According to John Cotter, chair of the CACN — a lobby group of proponents, including retailers and producers — the government, despite taking some small steps forward, still needs to do more.
“In general terms, and there are a couple of exceptions, the various recommendations in the initial road map still stand today.” Cotter said. “The problem hasn’t gone away, in fact the counterfeiting and piracy problem has grown (since 2007).”
The issue was highlighted in August when border agents — along with the RCMP — were able to nab a shipment of fake Winnipeg Jets jerseys, less than a month after the team unveiled the sweaters.
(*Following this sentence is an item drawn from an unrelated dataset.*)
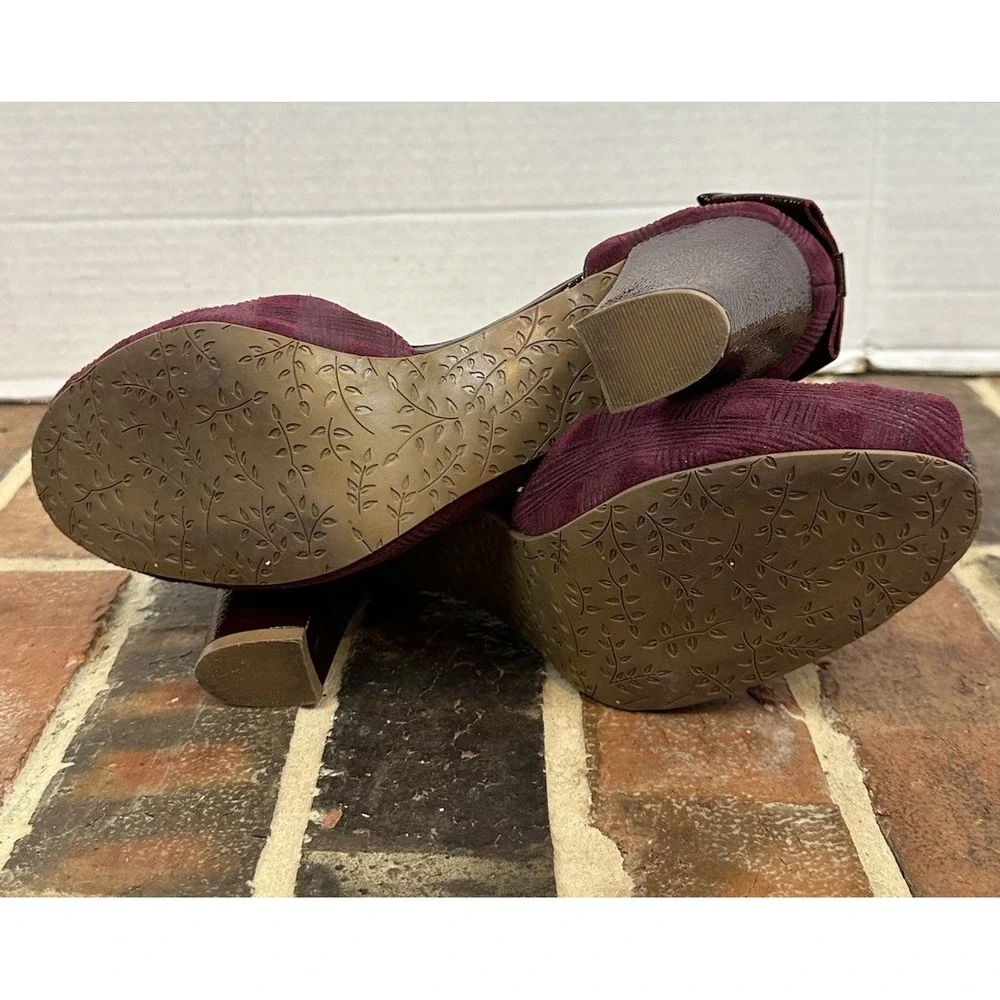 Miss Albright Burgundy Suede Pumps Plaid Peep Toe Patent Leather Heel Bow Wm 9 B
The CACN’S first report included 16 recommendations, including broader powers for police and customs officials, tougher laws against piracy and imposing fines on importers and retailers of fake goods.
A May 2007 report issued by a parliamentary committee offered similar recommendations, Cotter said. Even with the added weight of the second report, few of the changes were implemented.
“Resources are required for law enforcement and others to be able to effectively enforce the existing laws and the new laws that are needed,” he said.
Cotter said one of the most important things the government needs to do is to give border agents increased power to seize suspect goods at the border. Currently, customs agents don’t have the ability, where many countries, such as the United States, do.
“If you can stop it from coming into the country, you don’t have to deal with it downstream ... rather than it getting broken up and distributed to who knows how many different people, and re-sold.”.